Es una propuesta errónea e injusta, porque el matrimonio es una institución única que se basa en la complementariedad sexual y que hace posible la realización de dos fines equivalentes: el amor mutuo entre esposa y esposo, y la procreación de los hijos. La diferencia sexual por tanto constituye la base antropológica indispensable del matrimonio: “Hombre y mujer los creó”. Ninguna otra relación humana, sin importar cuánto amor o cariño haya, puede adjudicarse este propósito ni cumplirlo. Por tanto, es la potencial capacidad procreadora de la unión entre un varón y una mujer que hace la diferencia jurídica entre el matrimonio y la convivencia entre personas del mismo sexo.

Equiparar las uniones homosexuales a los verdaderos matrimonios es introducir un peligroso factor de disolución de la institución matrimonial y, con ella, del justo orden social. Se argumenta que el reconocimiento jurídico sería la única forma de que puedan disfrutar de ciertos derechos que les corresponden en cuanto ciudadanos. En realidad, lo justo es que acudan al derecho común para obtener la tutela de situaciones jurídicas de interés recíproco”. (Cfr. Nota de prensa Conferencia Episcopal Española).

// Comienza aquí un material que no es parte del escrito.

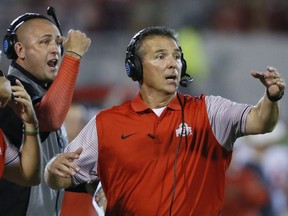 FILE - In this Sept. 17, 2016, file photo, Ohio State head coach Urban Meyer, right, and then-assistant coach Zach Smith, left, gesture from the sidelines during an NCAA college football game against Oklahoma in Norman, Okla. What has transpired over the last three weeks at Ohio State should be a lesson to all coaches. Your football program is not a family. Urban Meyer treated Zach Smith like family, and it almost cost one of the most accomplished coaches in college football his job.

No se trata de una cuestión de derechos civiles, o de discriminación; las personas homosexuales, como todos, están dotadas de la dignidad inalienable que corresponde a cada ser humano y hay que tratarlas con respeto, dignidad y amor y de ninguna manera es aceptable que se menosprecien o discriminen. La Iglesia, siguiendo el ejemplo de Jesús, tiene una mirada misericordiosa hacia todos los hijos de Dios, y se dirige con caridad y verdad a estos hermanos y busca acompañarlos en su situación.

Queridos hermanos y hermanas, acojamos la invitación de la Palabra de Dios y compartamos en comunidad y con perseverancia la Mesa Eucarística, para comer el pan de vida y de amor, el pan partido y compartido que nos alegra y fortalece, y que nos confirma que nada ni nadie “podrá separarnos del amor de Dios, manifestado en Cristo Jesús, nuestro Señor”.